Exercise description:
Only the line with "Изображение товара Сквиш" and the lines after it, through the end of the material, belong in the answer; repeat them exactly.

Exercise data:
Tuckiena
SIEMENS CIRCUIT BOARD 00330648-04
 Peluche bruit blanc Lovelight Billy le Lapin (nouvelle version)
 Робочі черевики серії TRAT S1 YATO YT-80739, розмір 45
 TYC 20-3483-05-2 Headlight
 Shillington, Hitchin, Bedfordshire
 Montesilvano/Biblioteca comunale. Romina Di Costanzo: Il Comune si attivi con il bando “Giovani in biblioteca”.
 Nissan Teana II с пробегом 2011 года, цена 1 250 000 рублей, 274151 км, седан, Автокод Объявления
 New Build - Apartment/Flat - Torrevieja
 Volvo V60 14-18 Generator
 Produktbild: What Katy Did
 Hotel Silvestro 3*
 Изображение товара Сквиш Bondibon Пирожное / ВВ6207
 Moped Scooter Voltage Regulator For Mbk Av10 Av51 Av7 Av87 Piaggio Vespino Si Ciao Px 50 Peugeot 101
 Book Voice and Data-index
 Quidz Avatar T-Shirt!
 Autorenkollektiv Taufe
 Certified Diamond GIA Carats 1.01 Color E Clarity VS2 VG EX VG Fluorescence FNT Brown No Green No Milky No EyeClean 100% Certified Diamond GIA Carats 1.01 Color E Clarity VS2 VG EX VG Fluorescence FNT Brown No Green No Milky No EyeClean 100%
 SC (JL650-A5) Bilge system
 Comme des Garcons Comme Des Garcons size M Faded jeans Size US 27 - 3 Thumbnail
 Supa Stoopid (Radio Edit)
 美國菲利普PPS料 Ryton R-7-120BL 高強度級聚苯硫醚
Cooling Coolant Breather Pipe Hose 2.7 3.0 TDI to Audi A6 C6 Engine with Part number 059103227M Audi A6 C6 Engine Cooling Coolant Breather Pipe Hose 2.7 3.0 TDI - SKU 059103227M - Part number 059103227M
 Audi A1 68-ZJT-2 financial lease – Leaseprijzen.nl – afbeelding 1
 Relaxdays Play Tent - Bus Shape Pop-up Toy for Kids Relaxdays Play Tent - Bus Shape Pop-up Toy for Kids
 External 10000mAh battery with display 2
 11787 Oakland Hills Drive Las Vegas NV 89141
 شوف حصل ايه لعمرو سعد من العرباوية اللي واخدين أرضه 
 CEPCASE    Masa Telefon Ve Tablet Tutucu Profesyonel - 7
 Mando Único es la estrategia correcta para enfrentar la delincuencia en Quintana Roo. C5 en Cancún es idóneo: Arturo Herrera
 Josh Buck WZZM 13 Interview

Output of the task:
 Изображение товара Сквиш Bondibon Пирожное / ВВ6207
 Moped Scooter Voltage Regulator For Mbk Av10 Av51 Av7 Av87 Piaggio Vespino Si Ciao Px 50 Peugeot 101
 Book Voice and Data-index
 Quidz Avatar T-Shirt!
 Autorenkollektiv Taufe
 Certified Diamond GIA Carats 1.01 Color E Clarity VS2 VG EX VG Fluorescence FNT Brown No Green No Milky No EyeClean 100% Certified Diamond GIA Carats 1.01 Color E Clarity VS2 VG EX VG Fluorescence FNT Brown No Green No Milky No EyeClean 100%
 SC (JL650-A5) Bilge system
 Comme des Garcons Comme Des Garcons size M Faded jeans Size US 27 - 3 Thumbnail
 Supa Stoopid (Radio Edit)
 美國菲利普PPS料 Ryton R-7-120BL 高強度級聚苯硫醚
Cooling Coolant Breather Pipe Hose 2.7 3.0 TDI to Audi A6 C6 Engine with Part number 059103227M Audi A6 C6 Engine Cooling Coolant Breather Pipe Hose 2.7 3.0 TDI - SKU 059103227M - Part number 059103227M
 Audi A1 68-ZJT-2 financial lease – Leaseprijzen.nl – afbeelding 1
 Relaxdays Play Tent - Bus Shape Pop-up Toy for Kids Relaxdays Play Tent - Bus Shape Pop-up Toy for Kids
 External 10000mAh battery with display 2
 11787 Oakland Hills Drive Las Vegas NV 89141
 شوف حصل ايه لعمرو سعد من العرباوية اللي واخدين أرضه 
 CEPCASE    Masa Telefon Ve Tablet Tutucu Profesyonel - 7
 Mando Único es la estrategia correcta para enfrentar la delincuencia en Quintana Roo. C5 en Cancún es idóneo: Arturo Herrera
 Josh Buck WZZM 13 Interview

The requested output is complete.